# The dreaded P0171, any chance powertrain will cover any of it?



## obermd (Mar 3, 2012)

In the Gen 1 Cruze this is almost always a PVC valve failure => PowerTrain Warranty covered.

Also, take a look at https://www.cruzetalk.com/forum/34-...4-pcv-valve-cover-intake-manifold-issues.html before taking your car in - make sure the service department looks for the check valve as you may need a new intake manifold.


----------



## belome (Sep 30, 2016)

Awesome thanks, I noticed I have 1k miles left on my extended emission warranty as well. I'm guessing if they try to blame it on O2 sensors those appear to be covered under that. Is that correct?


----------



## belome (Sep 30, 2016)

I just got the call... PCV valve just as expected they were going to charge me $220 and then I told them it should be covered under powertrain.

For once, I'm on the good side of the warranty expiration, I had 1 month and 1 day remaining.

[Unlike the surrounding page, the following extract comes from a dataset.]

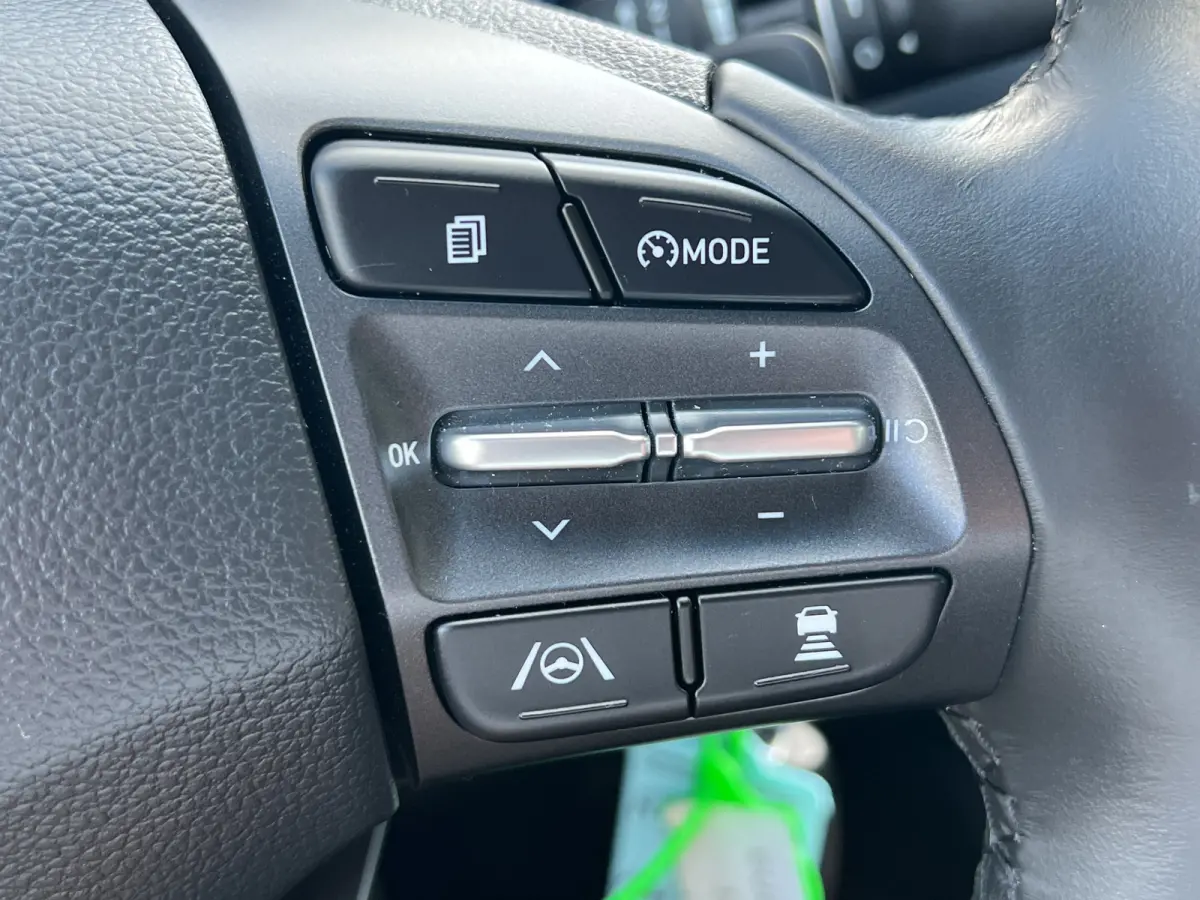 1.6 GDI 141pk HEV Comfort | Camera | Climate controle | Cruise controle | Carplay | 16'' Velgen | Rijstrooksensor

I also gave them the bulletin so they could verify the intake manifold non-return valve was functioning properly.


----------



## eddiefromcali (Aug 21, 2017)

Don't accept the car without verifying that the valve is there and at least looks clean.


----------



## belome (Sep 30, 2016)

Well, I gave them the bulletinumber and they claim to have checked it.


----------



## belome (Sep 30, 2016)

If you guessed Blue Snap-On toolbox, you win the prize. LOL
View attachment 270743


----------



## Ravenkeeper (Sep 10, 2017)

belome said:


> So, I have a 14 Cruze with 1.4t, got the P0171 this morning. I still have a few months of powertrain warranty remaining. Are there any scenarios where the problem could be fixed for free or do I need to bend over?





belome said:


> I just got the call... PCV valve just as expected they were going to charge me $220 and then I told them it should be covered under powertrain.
> 
> For once, I'm on the good side of the warranty expiration, I had 1 month and 1 day remaining.
> 
> I also gave them the bulletin so they could verify the intake manifold non-return valve was functioning properly.





belome said:


> Well, I gave them the bulletinumber and they claim to have checked it.
> View attachment 270741


Our '14 ECO (about 130,000 miles) had a slue of codes, about a month and half ago. P0171 & P1101 were the last two that we cleared yesterday by changing the valve cover ourselves. Part was $90, and took my son, daughter, and I about an hour to replace it, even with snapping one of the bolts.


----------